It seems not so long ago I was writing an article on this blog about a new result from the OPERA experiment in which neutrinos were observed to travel faster than the speed of light. At the time I commented about how it could still be an error in the data.

Today the same group of experimentalists released an updated report in which they reduce one source of error and still see FTL neutrinos. One criticism of the first result was that the different in flight time of the neutrinos was approximately 60 nanoseconds, while the production of the neutrinos took longer than that to produce, and as such it was possible that the neutrinos were just produced a little earlier than expected and hadn't traveled faster than light.

The team has now reduced the production time to only 3 ns, and yet they still see the neutrinos arriving 60ns earlier than expected.However it still is controversial.

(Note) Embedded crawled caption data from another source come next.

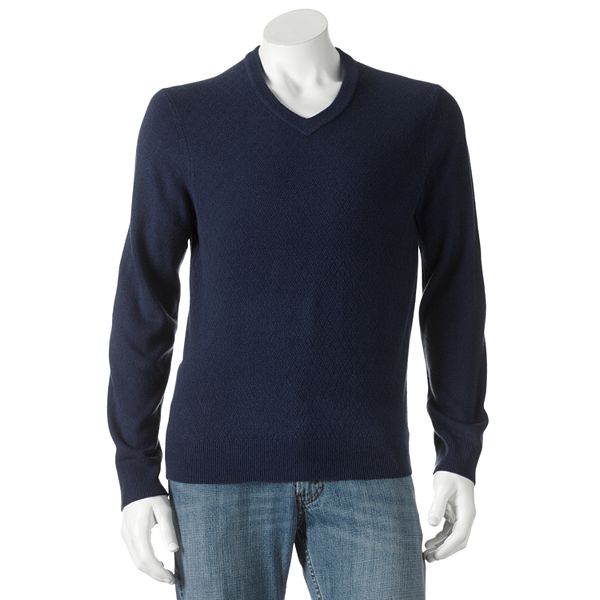 Dockers® Classic-Fit Solid Textured V-Neck Sweater - Men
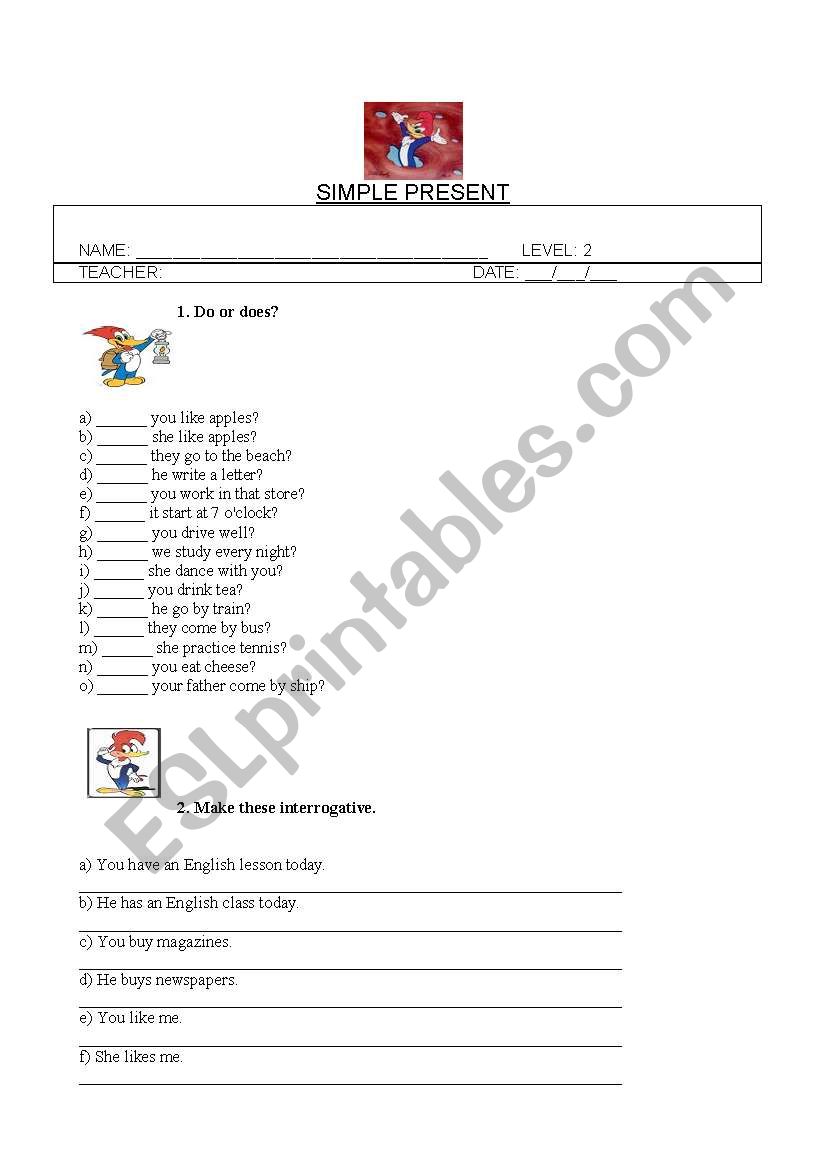 Simple Present worksheet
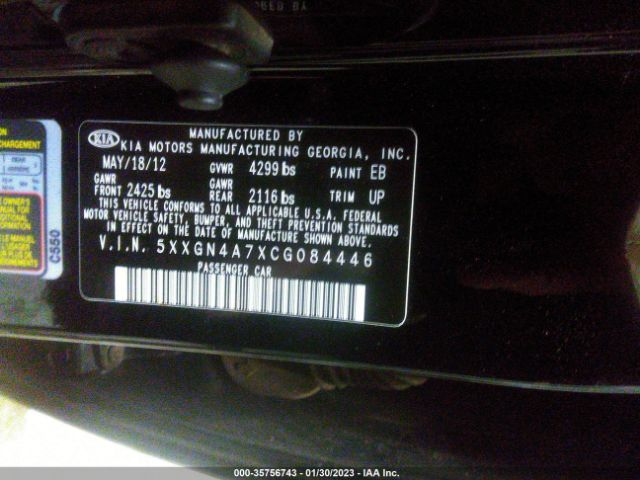 5XXGN4A7XCG084446 KIA OPTIMA EX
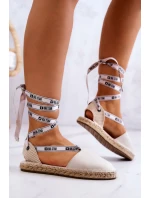 Damskie Wiązane Espadryle Big Star JJ274862 Beżowe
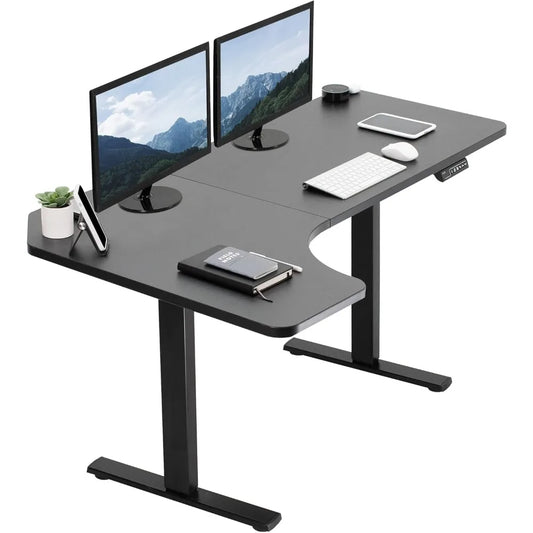 L Shaped Electric Standing Desk 58 x 35 Inch with Memory Height Adjustment and Reversible Black Top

For example, since the original report was released last month, physicists have done related calculations as a method of checking the results: 
  • One of particular note is the time lapse between neutrinos and light arriving from the famous 1987 supernova. The two types of particles arrived a few hours apart, which was expected since supernovae release neutrinos a few hours or days ahead the photons of light. If neutrinos could travel as fast as this team suggests, then the neutrinos would have arrived several years earlier - and that did not happen.
  • On a slightly more technical note, it has also been noted that the Standard Model predicts the electrons will travel faster than light if neutrinos do, as a result of symmetry properties and the production of virtual particles. But electron speeds have been very carefully studied for decades and this is not the case.
  • And finally the result that I find most interesting is a measurement of the distance between the source of neutrinos and the detectors. It is a complicated calculation, but the end result is that a calculation of the distance using GPS satellites and including the effects of special relativity indicate that the neutrinos travel a shorter distance than claimed, and coincidentally should arrive 64ns earlier than originally claimed. So the OPERA team is proudly announcing a 60ns early arrival but others have argued that the neutrinos are expected to arrive 64ns early if the correct distance is used.
Obviously this is still a very exciting result, and one that will be studied in great detail. It has already inspired almost 100 papers to be submitted on possible exotic and mundane explanations. And so even if the result is eventually discredited, it will still impose some strict new constraints on new theories of exotic physics. And that is always a good thing for the scientific community!